Of all the children who die in Glasgow before they complete their fifth year, 32 per cent die in houses of one apartment; and not 2 per cent in houses of five apartments and upwards. There they die, and their little bodies are laid on a table or on the dresser, so as to be somewhat out of the way of their brothers and sisters who play and sleep and eat in their ghastly company. One in every five of all who are born there never see the end of their first year.

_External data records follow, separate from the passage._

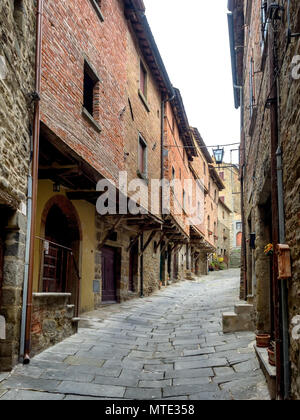 Mittelalterliche Häuser auf der Stadtmauer in Cortona, Toskana Italien Stockfoto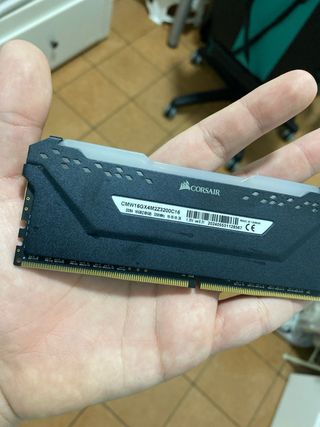 Corsair Vengeance RGB Pro DDR4 3200MHz 2x8GB RAM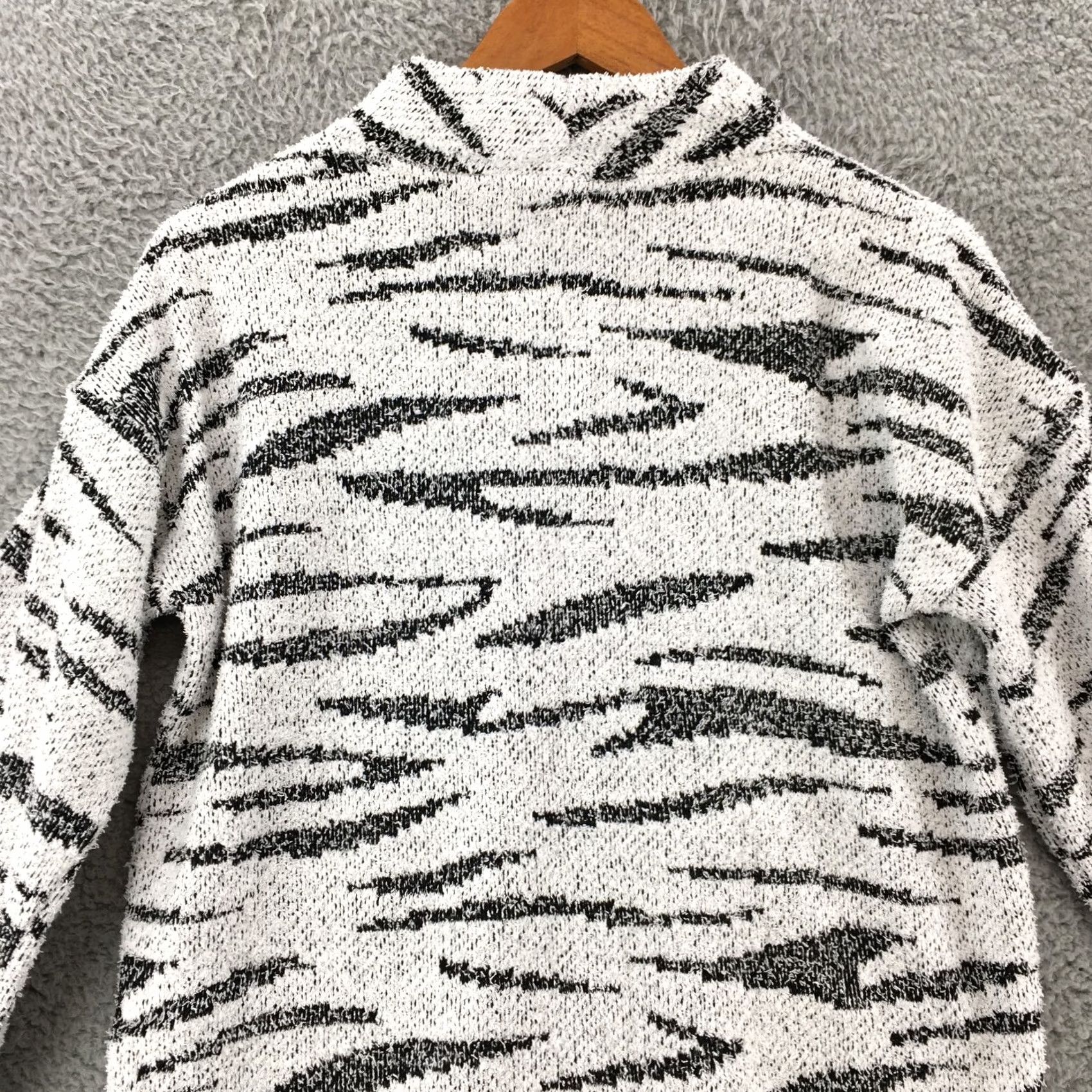 Vintage Maurices Mock Neck Sweater Top Womens M Grey Zebra Print Knitted NEW Size M / US 6-8 / IT 42-44 - 7 Thumbnail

A VEXED QUESTION IN SANITATION, 4 AUGUST 1888
The Builder
The phenomenal success of the 1851 Crystal Palace Exhibition in London spurred other European cities to emulate it. Somewhat belatedly, Glasgow entered the fray, but when it did it was with uncommon enthusiasm, with three exhibitions in twenty-three years. The first, in 1888, was held in West End Park. Its aim was ‘to promote and foster the sciences and arts, and to stimulate commercial enterprise’. Any profits were to go towards setting up a new art gallery, museum and school of art. Although it was supposedly international in nature, there were very few exhibits from foreign parts, though the Empire was well represented. The Glasgow International Exhibition was opened on 8 May by the Prince of Wales and closed on 10 November, by when it had welcomed 5,748,379 visitors and made a surplus of around £46,000. Not everyone, however, was wholly impressed by the experience . . .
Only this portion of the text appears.